Louise Haigh's Proposal for a Broader Mandate
Louise Haigh, who returned to frontline politics as a linchpin of Burnham's operation after resigning as transport secretary in 2024, wrote in May that the 30th anniversary of the Bank's independence is an opportune time to re-examine its mandate. She argued for better coordination and a greater focus on economic growth, moving beyond the singular target of stable prices set by the chancellor.
The Current Framework and Its Criticisms
The Bank's Monetary Policy Committee (MPC), comprising five senior Bank figures and four external members, sets interest rates to achieve price stability, defined as a 2% inflation target. The remit, reaffirmed annually in a letter from the chancellor to Governor Andrew Bailey, already allows for temporary inflation misses to avoid undesirable output volatility. However, critics argue that the current framework leads to higher rates during supply-side shocks, harming growth and investment.

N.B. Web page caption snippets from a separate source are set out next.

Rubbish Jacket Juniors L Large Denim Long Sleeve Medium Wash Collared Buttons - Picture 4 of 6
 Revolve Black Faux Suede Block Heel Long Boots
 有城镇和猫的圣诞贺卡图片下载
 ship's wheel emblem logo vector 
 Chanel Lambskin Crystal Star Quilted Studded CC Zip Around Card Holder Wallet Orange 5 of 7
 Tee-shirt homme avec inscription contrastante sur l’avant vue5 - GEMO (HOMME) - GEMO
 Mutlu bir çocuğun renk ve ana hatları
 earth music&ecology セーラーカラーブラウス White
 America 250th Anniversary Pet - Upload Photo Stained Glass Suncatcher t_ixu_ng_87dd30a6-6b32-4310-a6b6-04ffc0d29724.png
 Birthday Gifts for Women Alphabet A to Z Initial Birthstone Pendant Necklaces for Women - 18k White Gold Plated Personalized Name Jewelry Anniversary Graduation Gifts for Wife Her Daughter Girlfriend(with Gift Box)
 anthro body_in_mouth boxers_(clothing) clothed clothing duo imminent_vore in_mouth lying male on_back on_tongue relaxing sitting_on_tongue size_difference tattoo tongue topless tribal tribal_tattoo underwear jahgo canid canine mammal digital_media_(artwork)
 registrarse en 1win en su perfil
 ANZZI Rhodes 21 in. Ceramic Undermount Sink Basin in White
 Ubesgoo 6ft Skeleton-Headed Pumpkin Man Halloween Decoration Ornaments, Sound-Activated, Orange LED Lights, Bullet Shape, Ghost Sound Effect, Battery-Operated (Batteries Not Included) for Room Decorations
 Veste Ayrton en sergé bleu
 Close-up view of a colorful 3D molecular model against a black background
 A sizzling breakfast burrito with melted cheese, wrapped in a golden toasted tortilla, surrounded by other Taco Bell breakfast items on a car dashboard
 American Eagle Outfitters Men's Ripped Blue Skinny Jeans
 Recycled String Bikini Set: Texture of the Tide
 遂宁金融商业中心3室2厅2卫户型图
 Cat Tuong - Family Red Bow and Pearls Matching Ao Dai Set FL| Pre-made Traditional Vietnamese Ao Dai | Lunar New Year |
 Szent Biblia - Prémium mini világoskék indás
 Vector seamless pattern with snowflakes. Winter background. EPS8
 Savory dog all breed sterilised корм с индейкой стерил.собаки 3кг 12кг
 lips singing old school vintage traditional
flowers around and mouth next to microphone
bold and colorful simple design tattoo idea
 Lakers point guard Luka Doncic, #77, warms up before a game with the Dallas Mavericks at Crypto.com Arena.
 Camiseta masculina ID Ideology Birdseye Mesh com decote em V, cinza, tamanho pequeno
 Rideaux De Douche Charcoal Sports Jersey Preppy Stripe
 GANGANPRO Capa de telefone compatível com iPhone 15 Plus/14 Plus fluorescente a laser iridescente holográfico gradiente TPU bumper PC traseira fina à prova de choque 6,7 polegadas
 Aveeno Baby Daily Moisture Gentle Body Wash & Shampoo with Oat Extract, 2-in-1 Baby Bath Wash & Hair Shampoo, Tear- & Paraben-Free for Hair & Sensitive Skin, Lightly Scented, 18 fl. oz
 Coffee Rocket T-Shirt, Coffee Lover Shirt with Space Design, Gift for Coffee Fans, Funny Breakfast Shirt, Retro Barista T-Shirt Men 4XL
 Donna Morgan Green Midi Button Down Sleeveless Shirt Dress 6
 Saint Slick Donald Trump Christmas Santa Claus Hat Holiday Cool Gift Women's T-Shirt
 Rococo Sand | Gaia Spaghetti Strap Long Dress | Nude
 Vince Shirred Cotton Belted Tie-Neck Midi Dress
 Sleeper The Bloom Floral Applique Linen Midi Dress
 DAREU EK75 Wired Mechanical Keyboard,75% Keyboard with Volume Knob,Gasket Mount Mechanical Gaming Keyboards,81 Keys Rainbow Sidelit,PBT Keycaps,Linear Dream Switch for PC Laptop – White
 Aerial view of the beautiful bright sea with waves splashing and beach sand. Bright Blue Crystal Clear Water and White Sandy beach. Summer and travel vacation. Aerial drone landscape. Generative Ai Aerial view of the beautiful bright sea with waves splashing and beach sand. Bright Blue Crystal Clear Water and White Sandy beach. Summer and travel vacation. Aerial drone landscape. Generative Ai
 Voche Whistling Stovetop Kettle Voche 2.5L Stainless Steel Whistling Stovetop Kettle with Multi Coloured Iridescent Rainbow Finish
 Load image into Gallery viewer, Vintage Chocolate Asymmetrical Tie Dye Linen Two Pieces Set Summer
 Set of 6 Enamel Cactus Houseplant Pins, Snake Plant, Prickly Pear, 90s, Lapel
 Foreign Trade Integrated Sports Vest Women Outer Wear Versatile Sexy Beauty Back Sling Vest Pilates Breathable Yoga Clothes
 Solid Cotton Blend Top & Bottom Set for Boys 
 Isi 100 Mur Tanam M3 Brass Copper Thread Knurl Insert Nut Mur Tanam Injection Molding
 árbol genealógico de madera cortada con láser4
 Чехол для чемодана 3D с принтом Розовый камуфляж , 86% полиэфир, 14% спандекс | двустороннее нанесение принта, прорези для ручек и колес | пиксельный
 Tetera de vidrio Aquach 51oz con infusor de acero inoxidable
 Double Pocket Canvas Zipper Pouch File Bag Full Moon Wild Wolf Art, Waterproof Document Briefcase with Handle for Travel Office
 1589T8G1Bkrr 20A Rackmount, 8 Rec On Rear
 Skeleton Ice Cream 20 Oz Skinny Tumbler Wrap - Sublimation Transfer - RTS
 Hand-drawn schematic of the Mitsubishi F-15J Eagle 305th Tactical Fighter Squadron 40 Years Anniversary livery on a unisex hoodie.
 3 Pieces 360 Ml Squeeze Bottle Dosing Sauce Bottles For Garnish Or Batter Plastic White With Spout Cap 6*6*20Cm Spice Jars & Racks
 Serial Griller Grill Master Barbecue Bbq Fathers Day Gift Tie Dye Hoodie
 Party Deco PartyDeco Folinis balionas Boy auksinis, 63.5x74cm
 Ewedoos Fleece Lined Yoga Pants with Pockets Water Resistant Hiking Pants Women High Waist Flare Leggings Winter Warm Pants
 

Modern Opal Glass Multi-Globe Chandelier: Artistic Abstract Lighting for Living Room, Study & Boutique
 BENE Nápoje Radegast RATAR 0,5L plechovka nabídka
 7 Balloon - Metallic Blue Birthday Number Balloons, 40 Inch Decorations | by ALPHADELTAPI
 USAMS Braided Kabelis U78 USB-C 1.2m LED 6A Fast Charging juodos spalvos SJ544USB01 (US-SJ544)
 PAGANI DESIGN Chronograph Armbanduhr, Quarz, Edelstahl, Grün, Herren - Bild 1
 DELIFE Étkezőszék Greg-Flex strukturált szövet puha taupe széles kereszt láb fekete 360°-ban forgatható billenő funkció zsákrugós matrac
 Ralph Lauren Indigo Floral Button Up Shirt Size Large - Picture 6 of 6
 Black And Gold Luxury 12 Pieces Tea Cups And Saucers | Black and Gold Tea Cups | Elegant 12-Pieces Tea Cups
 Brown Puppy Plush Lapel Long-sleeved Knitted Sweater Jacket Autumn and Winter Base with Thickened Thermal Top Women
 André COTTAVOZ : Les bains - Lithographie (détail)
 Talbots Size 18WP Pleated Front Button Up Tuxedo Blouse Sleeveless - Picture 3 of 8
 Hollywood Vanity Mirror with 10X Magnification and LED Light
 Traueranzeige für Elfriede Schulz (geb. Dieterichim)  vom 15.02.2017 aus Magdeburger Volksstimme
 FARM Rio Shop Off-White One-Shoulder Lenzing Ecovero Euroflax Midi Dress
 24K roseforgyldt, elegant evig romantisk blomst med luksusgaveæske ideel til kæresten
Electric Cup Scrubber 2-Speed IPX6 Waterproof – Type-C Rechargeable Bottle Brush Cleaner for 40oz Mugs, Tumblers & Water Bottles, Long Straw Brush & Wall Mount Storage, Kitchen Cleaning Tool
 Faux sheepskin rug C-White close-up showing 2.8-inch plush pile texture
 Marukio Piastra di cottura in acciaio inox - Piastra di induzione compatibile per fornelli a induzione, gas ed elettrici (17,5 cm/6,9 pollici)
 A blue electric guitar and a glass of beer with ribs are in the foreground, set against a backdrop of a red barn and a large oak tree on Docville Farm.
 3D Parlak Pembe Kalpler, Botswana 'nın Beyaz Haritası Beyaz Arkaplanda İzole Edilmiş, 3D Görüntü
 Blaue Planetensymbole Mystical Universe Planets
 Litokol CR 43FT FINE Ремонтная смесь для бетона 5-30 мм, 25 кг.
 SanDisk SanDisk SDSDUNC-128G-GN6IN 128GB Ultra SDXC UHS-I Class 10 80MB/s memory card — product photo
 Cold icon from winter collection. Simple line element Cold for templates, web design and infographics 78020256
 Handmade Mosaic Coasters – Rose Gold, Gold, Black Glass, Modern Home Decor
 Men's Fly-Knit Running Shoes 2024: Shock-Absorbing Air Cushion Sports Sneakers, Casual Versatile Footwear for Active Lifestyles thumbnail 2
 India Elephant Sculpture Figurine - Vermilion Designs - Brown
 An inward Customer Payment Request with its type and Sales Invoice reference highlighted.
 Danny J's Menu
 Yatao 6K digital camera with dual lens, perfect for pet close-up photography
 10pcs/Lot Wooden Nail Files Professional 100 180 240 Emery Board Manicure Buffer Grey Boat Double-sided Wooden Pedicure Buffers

Swati Dhingra, an independent MPC member, noted in a recent speech that leaving the Bank alone to fight inflation shocks results in higher rates, which slow the economy and raise borrowing costs for net-zero investments. Theo Harris of the New Economics Foundation described this as a "doom loop of economic self-harm," where rate hikes cause unemployment and stifle investment, reducing resilience to future shocks.
Proposed Solutions: Coordination and Dual Mandate
Economists propose better coordination between monetary and fiscal policy. A Fabian Society paper suggested a new Treasury-Bank coordinating committee to discuss trade-offs. Co-author Jo Michell, professor of economics at the University of the West of England, said: "The lines are blurred and I think we all really need to grow up and accept that. We’ve got to think of an institutional framework which is viable, isn’t too much of a big jump, doesn’t unsettle the markets – but does allow some form of coordination."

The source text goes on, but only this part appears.